Los estudios sugieren que la variedad más pequeña de bacterias temprano en la vida puede conducir a una menor protección contra enfermedades infecciosas y alérgicas, incluso en la edad adulta.

“La microbiota que adquirimos en los primeros años permanece con nosotros por el resto de nuestras vidas. Podemos cambiarlo tomando antibióticos, viajando a diferentes lugares o con comida, pero el marco es el mismo que al principio ”, dice Faria.

Algunas investigaciones realizadas en todo el mundo intentan corregir este desequilibrio.

Uno de los más recientes, publicado a principios de octubre en la revista científica Cell, informa sobre un trasplante de heces de la madre al recién nacido por cesárea. Los bebés recibieron una dosis de 3,5 gramos o 7 gramos de heces de la madre diluidas en un poco de leche materna.

Aproximadamente tres meses después del procedimiento, la microbiota intestinal de los bebés que recibieron el trasplante mostró un desarrollo similar al de los niños nacidos por parto vaginal.

El experimento es radical y delicado

Aunque exitoso, el experimento es radical y delicado, según Faria. En el estudio publicado, las heces de las madres se sometieron a una secuencia de pruebas para detectar bacterias que pudieran poner en riesgo a los bebés.

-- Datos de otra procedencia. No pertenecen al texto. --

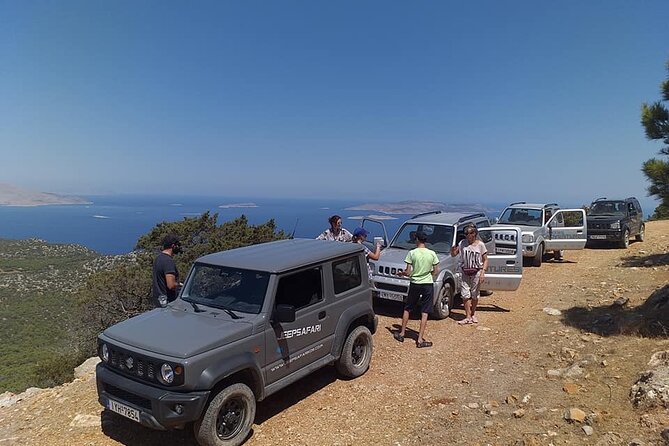 Self drive 4x4 Jeep Safari - Pick ups in the North - Archipoli and the Narrow Tunnel: Walk, Stop, and Actually Look Around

Más de la mitad de las madres reclutadas inicialmente quedaron fuera del experimento después de estas pruebas. Además, el investigador recuerda que se desconocen los impactos a largo plazo.

“La microbiota es casi como un órgano. Tiene un papel biológico muy importante. Estas bacterias ayudan en la digestión, tienen efectos sobre el sistema nervioso y defienden de pequeños invasores, que causan enfermedades ”, dice Leandro Araújo Lobo, profesor del Instituto de Microbiología Paulo de Góes de la Universidad Federal de Río de Janeiro (UFRJ).

Según Faria, de la UFMG, la relación entre el ser humano y su propia microbiota es mutualista: “Les damos el hábitat y los alimentos que hay en nuestro intestino, y durante la digestión degradan algunos componentes, como las fibras, para producir vitaminas. A, K y B ”, dice el científico.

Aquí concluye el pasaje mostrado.